I was looking for books to read in the new year. I was making a list. I found this on my bookshelf: How to Be an American Housewife; sounds intriguing. When did I buy this? How long has it been sitting on my bookshelf?
The first couple chapters were engaging, funny, even sad at times. I was stepping back in time.
I absorbed it rather quickly and it has stayed with me long after I've read the last page.
Shoko was a beautiful Japanese woman with the world at her feet. Life interrupted, war came to her country. She married an American GI and came to live in America to seek a new life... better opportunities.
Before each chapter is an excerpt from a handbook on how to assimilate into American culture, how to raise kids, how to immaculately clean your house.
This is my favorite excerpt:
"An important criterion in choosing your American mate is his blood type. Military men often wear identifying necklaces, 'dog tags,' which bear the blood type..."
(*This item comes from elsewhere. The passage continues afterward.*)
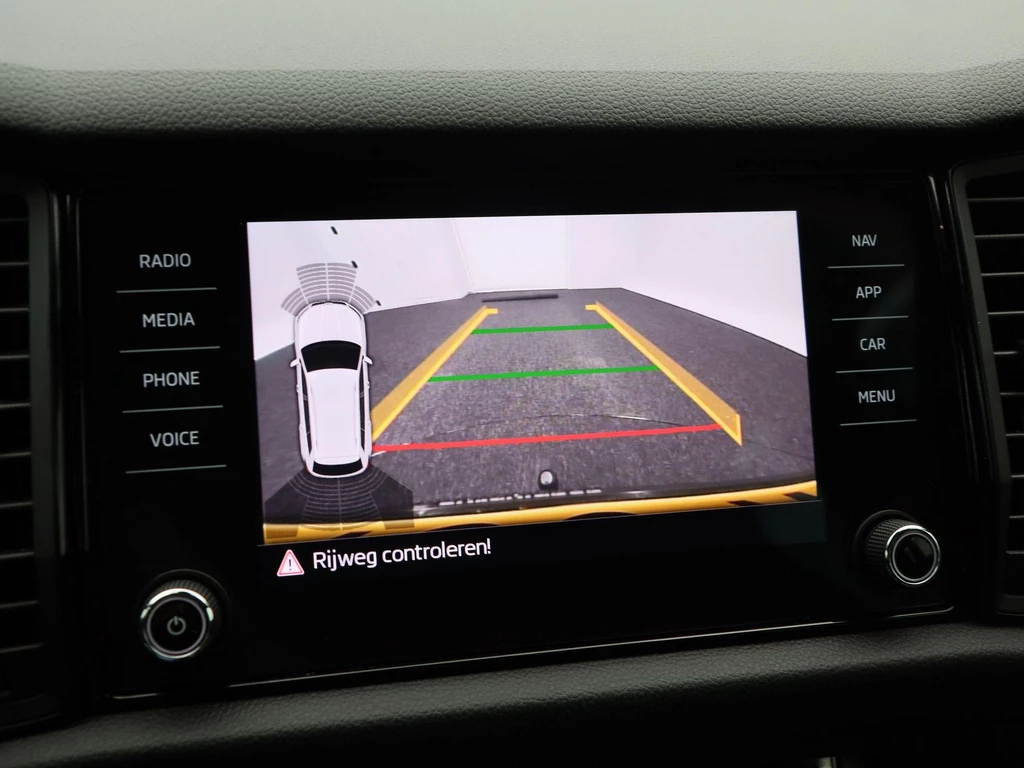 Škoda Kodiaq – foto 32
"AB - The worst kind. They do whatever they want whenever they want. They make horrible husbands. "
"B - very practical, but dull."
THAT.CRACKED.ME.UP!!!
Growing up as an immigrant myself, I related well with Shoko and her daughter, Sue. My family always had absurdities about relationships such as these.
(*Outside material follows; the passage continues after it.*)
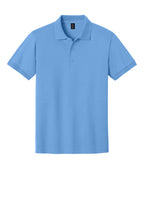 Gildan - DryBlend 6-Ounce Jersey Knit Sport Shirt.  8800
Other quotes from the story itself:
Sue was helping Shoko in the kitchen and came across the book: How to Be an American Housewife.
"For the first years of my marriage, it had been my handbook, my guide to doing everything. Rules for living. American style. Sometimes it was right, and sometimes it was not. Sometimes I liked it, and sometimes I didn't. But that was just like life. You don't always get to do what you want, do you?"
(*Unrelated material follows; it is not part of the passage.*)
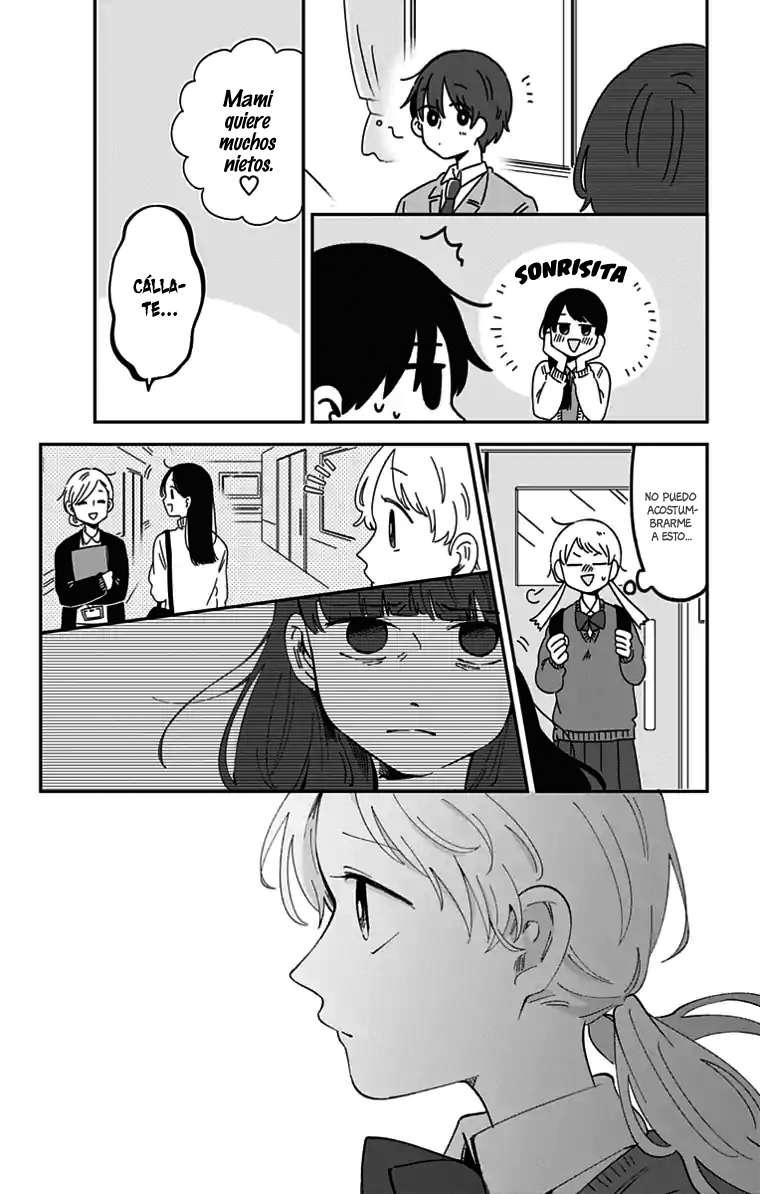 Read Kimi ga Shinu Made Ato Hyaku Nichi Español Manga Online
I wish I got a handbook like this when I moved to America. I wished my MOM got a handbook. She would dress me in a yellow t-shirt with red corduroy pants. When I wore skirts, I had these long most unfortunate socks all the way past my knee and she would put a rubber band right below the knee and fold over socks. Oh my word... kids are merciless.
"Helena was my do-over daughter. With her, I had the patience to do everything I should have done with Sue. Cook. Teach about Japan. Hugging. I would have even taught her the language, if I hadn't been certain I would mess it up. She needed to learn proper dialect, not what we used out in the country."
And that stabbed me in the heart.
I don't talk much about this, but when my parents were in the process of getting a divorce, I knew there was no pain like that in the world. I was 11 or so. I went on the bus on my way to school one day crying as an older student from the high school consoled me. Then, I was in college and my dad got married. He didn't tell me. I guess I wasn't that important to share this news. I was so devastated. I thought that this must be the worst pain. Nothing else could be this bad. I would wake up each day and just want to end it all. And then... he had another daughter. The replacement. I was the practice child. The prototype. The cast off. He would do better with this one. He would do right by her. And that my friends is the worst most insufferable pain.
Sue goes back to Japan to reconcile on behalf of her ailing mother.
"Helena and I were not athletes or superstars, we were us. And that was enough."
I hope I get to feel like that one day... enough.
I think this was an outstanding tribute to the author's mother. What a great way to honor her memory! It brought healing to my heart and I can't tell you how wonderful it is to read this type of literature and feel... KNOWN.